Haga una pausa para observar y escuchar. La vida pasa rápido. Por eso, cuando participe en actividades con su hijo o hija, o cuando simplemente los esté observando, quite su atención de lo que está sucediendo y enfóquese intencionalmente en lo que él o ella son. ¿Qué está diciendo o haciendo que valga la pena notar? Una pista: si aprecia los esfuerzos de su hijo o hija, lo nutrirá más que si espera por sus logros.

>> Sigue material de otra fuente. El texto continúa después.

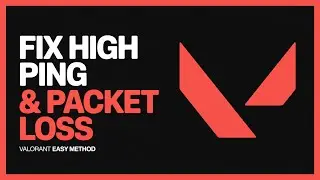 Fix Network Problem High Ping & Packet Loss in Valorant | Easy Method!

Hace poco un padre describió el beneficio de prestarle atención al camino que atravesó su hija para obtener las mejores calificaciones en su informe escolar. Sí, las notas altas merecen felicitaciones. Ese padre describió cómo los ojos de su hija se llenaban de brillo cuando él le decía que notaba el tiempo extra y el esfuerzo que ponía en sus tareas; y hasta que su deseo de trabajar arduamente podía ser su mayor fortaleza. "Mi familia sabe que estoy ocupado. Pero después que ceno ayudo a mis hijos con sus estudios", dice. "Cualquiera puede elogiar las buenas notas al final del semestre. Me alegra no haberme perdido el verdadero éxito que obtenía cada noche a lo largo del camino.

Escuchar y buscar oportunidades para decir palabras alentadoras requiere que el padre esté dispuesto a hacer una pausa en su desenfrenada vida; cuando eso ocurre, los esfuerzos dignos de ser notados se vuelven mucho más obvios.